What is the difference between the main model types in this collection?

Image-only NSFW filters: These classify raw images as safe or explicit. Examples include falcons-ai/nsfw_image_detection and m1guelpf/nsfw-filter.
Text or multimodal guardrail models: These analyze text or a combination of text and images and categorize safety issues. Examples include meta/meta-llama-guard-2-8b, meta/llama-guard-3-8b, and meta/llama-guard-4-12b.
Hybrid filters: Some models look at more than NSFW content. For example the lucataco/flux-content-filter model includes checks for public figures and copyright-sensitive content.

What kinds of outputs can I expect from these models?
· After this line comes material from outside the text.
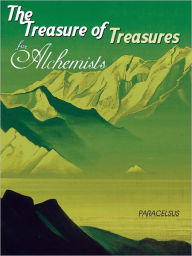 Title: The Treasure of Treasures for Alchemists, Author: Paracelsus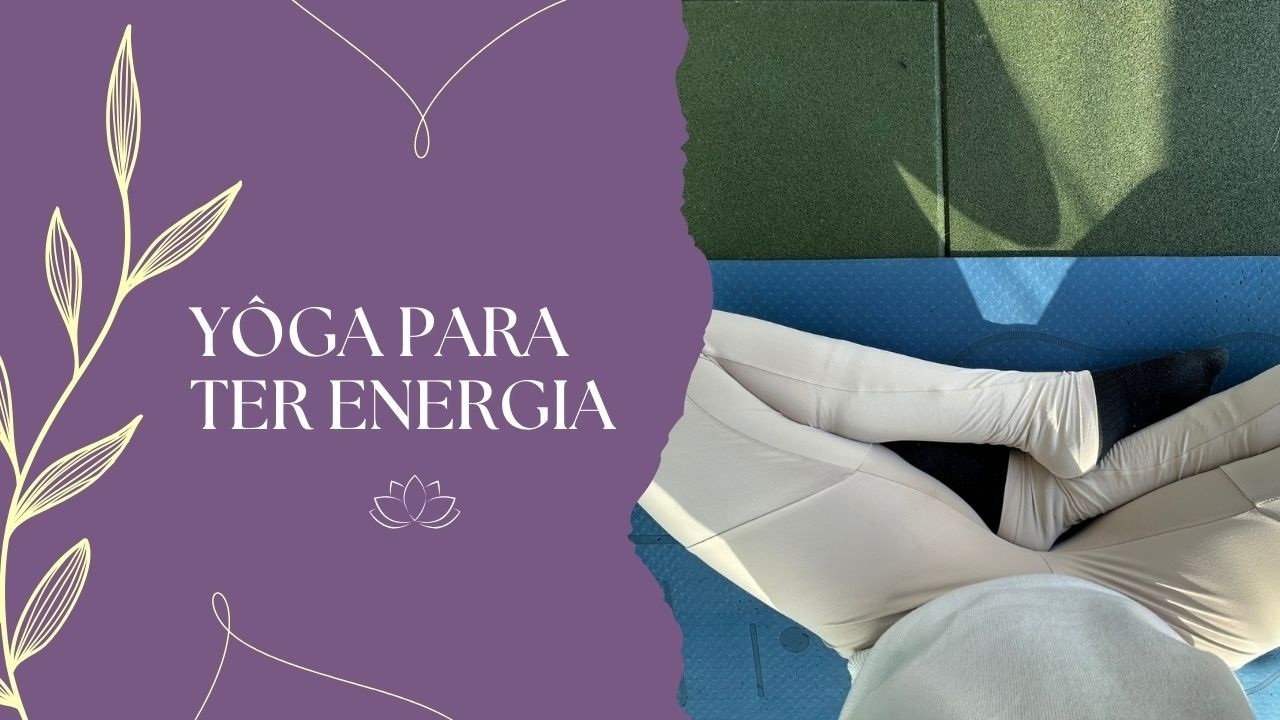 Yôga para ter energia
Image-only filters usually return a simple label like "normal" or "nsfw" and sometimes a confidence score. The falcons-ai/nsfw_image_detection model works this way.
Text and multimodal guard models return a richer structure. For example meta/meta-llama-guard-2-8b returns whether the content is safe along with a list of safety categories if it is not.
Multimodal models like meta/llama-guard-4-12b evaluate both image and text at once and return combined safety classifications.
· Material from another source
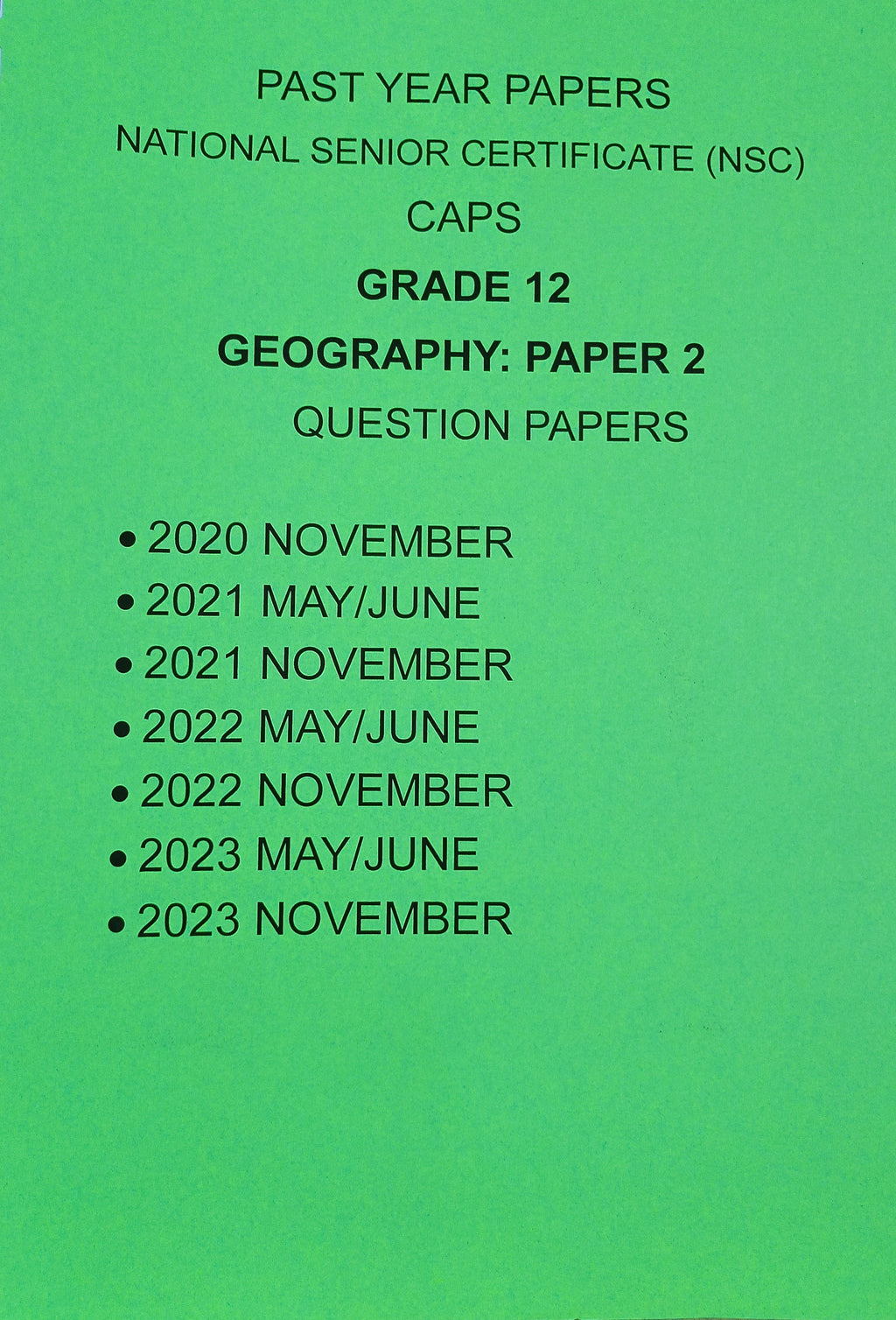 Grade 12 Geography Paper 2 Questions Papers and Memos/Answers 5 Year P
How can I self host or push a model to Replicate?

Many moderation and detection models are open source and can be self hosted using Cog or Docker.
If you want to publish your own model on Replicate, create a file named replicate.yaml that defines your model's inputs, outputs, and environment. Push the model to Replicate, and it will run automatically on managed GPUs.
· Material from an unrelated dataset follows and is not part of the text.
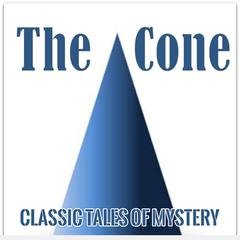 The Cone Audiobook, by Classic Tales of Mystery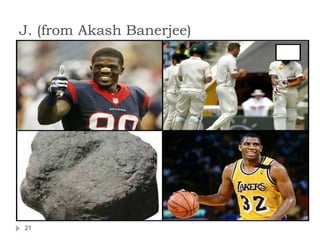 J. (from Akash Banerjee)
21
Can I use these models for commercial work?

Yes, as long as the license for each model allows commercial use. Always check the license on the model page.
For example, the m1guelpf/nsfw-filter model is open source, but you should still review the license.
Enterprise guard models like meta/llama-guard-4-12b have their own terms, so confirm that your intended use fits the policy.

How do I run these models?

Pick a model that fits your use case for example falcons-ai/nsfw_image_detection for image NSFW detection or meta/llama-guard-3-8b for text safety analysis.
Upload your input. Images go to image detectors, and text or mixed content goes to guard models.
Adjust any optional parameters like thresholds or output settings.
Run the model and inspect the classification results.

What should I know before running a job in this collection?

Make sure your input format matches what the model expects.
Simple image filters are very fast. Larger guard models take more compute.
Text and multimodal models classify across many categories, so expect more complex outputs.
Moderation involves tradeoffs. You may need to adjust thresholds for false positives vs false negatives.
For compliance or enterprise use cases, keep logs and review flagged samples regularly.

Any other collection specific tips?

For large platforms, consider a two stage pipeline: run a fast image filter first, then route flagged items to a more powerful model like meta/llama-guard-3-8b.
If your workflow involves both images and accompanying text, use a multimodal model such as meta/llama-guard-4-12b.
If you need broader policy categories including things like public figure detection, test the lucataco/flux-content-filter model.
Always test with real examples from your platform to understand how each model behaves.

What if I want to automate moderation workflows in an app?

You can automate moderation by setting up a pipeline that screens new uploads or user generated content. Use a lightweight image filter first, then run escalations through a stronger guard model. Store results, add manual review if needed, and integrate with your app's content logic. Models such as falcons-ai/nsfw_image_detection and meta/llama-guard-4-12b work well in automated systems.